We all have reactions to things that others do and say.  It is entirely appropriate to provide your reaction, especially if you are asked.  For example, if your boss went overboard with criticism of a team member you could say “my reaction was that you probably didn’t need to be as harsh to get your point across.  I think you were scared and operating out of fear”.

#2 Saying No

Saying no is something that many of us struggle with.  After all, when we are asked to do something, most of us like to say yes.  For some of us, we say yes to show that we are helpful and competent.  For others, we say yes to be liked or to be valued.  As a result, we may say yes or agree to things that we really should say no to.  How many of us have ended up taking home extra work and even disrupting personal plans because we were unwilling to say no?  How many of us, when asked, find it impossible to say no when it is necessary or when it will serve us the most?  Later when we are asked about it, we are likely to say something like, “I couldn’t say no”. 

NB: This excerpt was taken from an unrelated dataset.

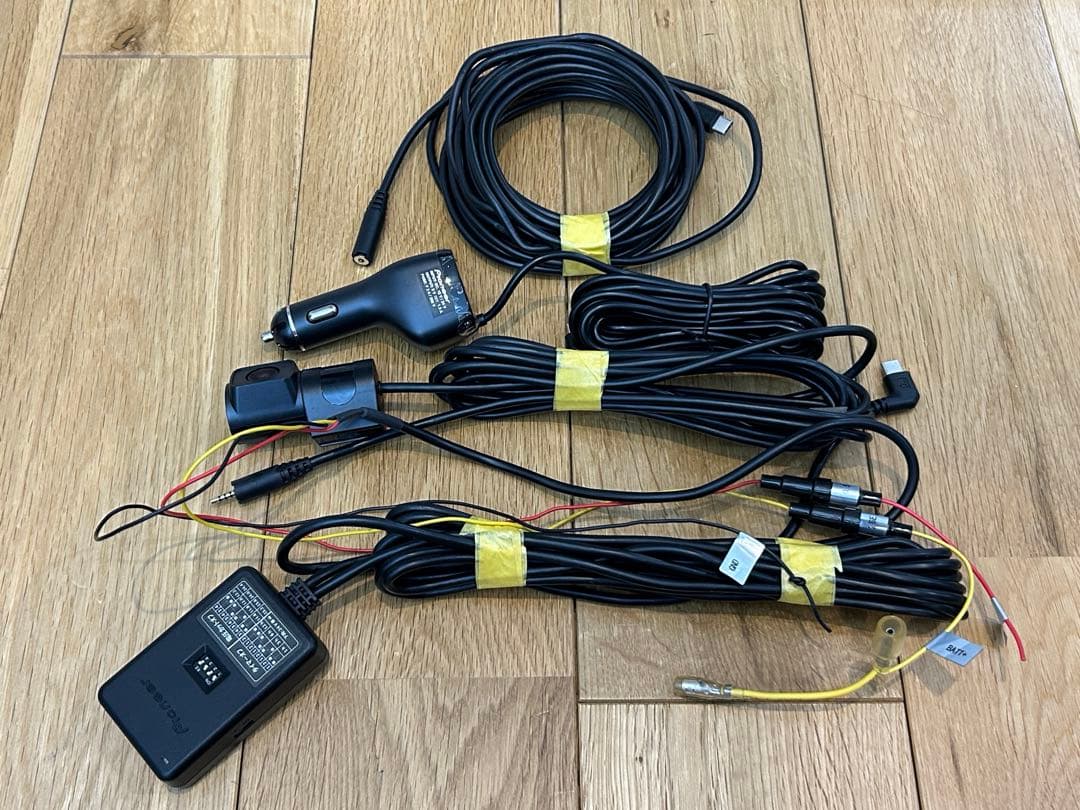 カロッツェリア ドライブレコーダー VREC-DH 301D 駐車監視配線付き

Our inability to say no was the subject of a recent book by Dr. Susan Newman, The Book of No; 250 Ways to Say It – and Mean It and Stop People-Pleasing Forever  .  Dr.  Newman gives us the following reasons for why we say yes when we should say no:

  1. Most people have been programmed to think saying No is negative
  2. Our inability to think clearly about what is being asked due to fear or guilt

For some of us, saying no is a muscle we simply have not practiced using.  We tend to think yes first without thinking about it then later we regret having responded that way.  We try not to offend or disappoint without realizing that by saying no in the first place, we are less likely to disappoint others.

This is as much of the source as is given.